= Louisa Nottidge =

British lunatic asylum detainee (1802–1858)

Louisa Nottidge (1802–1858) was a British woman whose unjust detention in a lunatic asylum attracted widespread public attention in mid-19th century England. In that period, several similar cases emerged in the newspapers of sane persons being incarcerated in lunatic asylums for the convenience or financial gain of their immediate families. The most prominent, other than Louisa Nottidge, was the case of Rosina Bulwer Lytton. This public fascination and anger was exploited by the writer Wilkie Collins, who published the best-selling novel The Woman in White in 1860. The case of Louisa Nottidge has remained of interest with respect to the rights of psychiatric patients, women's rights, and the conflict between freedom of religion and the legal process.

== Childhood ==

Louisa Jane Nottidge was born at her grandmother's house, Fulling Mill House, Bocking, Essex in 1802. Her parents, Josias Nottidge (1762–1844) and Emily Pepys (1775–1863), were wealthy wool clothiers who worked fulling mills in Bradford Street, Bocking and in Wixoe, Suffolk. From 1794, her parents lived at a large house with an eight-acre estate called Rose Hill (Floriston Hall) in Wixoe. Louisa reported that from her early youth her reading had been directed mainly towards religious texts. She attended church regularly with her six sisters and four brothers.

== The Agapemone ==

In 1843, a revivalist clergyman, Rev. Henry James Prince, preached at the church of Stoke near Wixoe. On the death of Josias Nottidge in 1844, the five unmarried sisters each inherited the sum of £6,000. Prince persuaded them to contribute to the founding of a religious community in Somerset, to be called the Agapemone, or Abode of Love. In 1845, the sisters travelled to Somerset with a view to residing at the new community; en route Prince persuaded three of the sisters—Harriet, Agnes and Clara—to marry three clergymen from the Agapemone. They were married in Swansea on the same day in 1845. Before the passage of the Married Women's Property Act 1882, all of a wife's assets passed automatically to her husband.

== Abduction ==

Prince then encouraged Louisa to join her sisters at the Agapemone. After she had travelled to Somerset, her mother Emily feared the spiritual and financial influence that Prince had established over her daughters. Emily instructed her son Edmund, her nephew Edward Nottidge, and her son-in-law, Frederick Ripley, to travel down to Somerset and to rescue her unmarried daughter Louisa. The three men succeeded in removing Louisa against her will in November 1846, and imprisoned her in Ripley's villa by Regent's Park (12 Woburn Place). Following her persistent claims regarding the divinity of Prince, her mother enlisted medical aid and had her certified insane, and then placed her in Moorcroft House Asylum, Hillingdon. Dr. Stilwell, the presiding physician, made notes on her condition and treatment, recorded in The Lancet.

== Escape ==

Louisa escaped from the asylum in January 1848, travelling across London to meet Reverend William Cobbe from the Agapemone at a hotel in Cavendish Square. Cobbe was the brother of the campaigner Frances Power Cobbe. However, Louisa was recaptured two days later at Paddington Station. Cobbe alerted the Commissioners in Lunacy, whose report by Bryan Procter led to her release in May 1848.

== Nottidge v Ripley and Another (1849) ==

Louisa then sued her brother, cousin, and brother-in-law Ripley for abduction and false imprisonment in Nottidge v. Ripley and Another (1849); the trial was reported daily in The Times newspaper. Bryan Procter was called as a professional medical witness. The Lord Chief Baron pronounced a famous dictum that: "You ought to liberate every person who is not dangerous to himself or to others." Louisa won the case with damages, proving that she had been illegally detained. Louisa then returned to the Agapemone, transferring her wealth to Prince, and remained there until her death in 1858.

In 1850, Charles Dickens reported on the case of Louisa Nottidge and the Agapemone.

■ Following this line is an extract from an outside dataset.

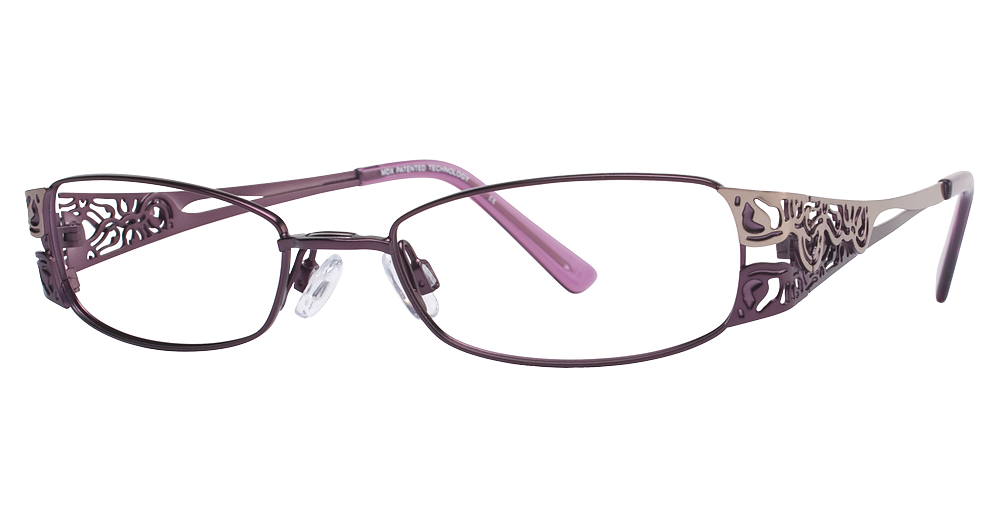 Stn Lght Bronze & Purple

== Nottidge v Prince (1860) ==

In 1860, Louisa's brother and executor, Ralph Nottidge, sued Prince to recoup the money that she had given him as a result of his undue influence over her in the case of Nottidge v. Prince (1860), reported daily in The Times newspaper. The Nottidges won the case with costs. Punch magazine then launched a campaign to encourage Prince to emigrate to America to join Brigham Young and his Mormons in the Utah desert.

== Legacy ==
Harriet Martineau wrote, in her biography of Bryan Procter, the following:

"For many years Mr Procter held the lucrative but not very congenial appointment of Commissioner of Lunacy; the responsibility of which was irksome, and occasionally (as in the case of Miss Nottidge, who was carried off from The Agapemone) alarming to a man of sensitive nature, and a hater of conflict."

Wilkie Collins dedicated his novel The Woman in White to Bryan Procter, poet and Commissioner for Lunacy.

Nottidge's case meant that the situation of women imprisoned in "lunatic asylums" was now squarely in the public eye.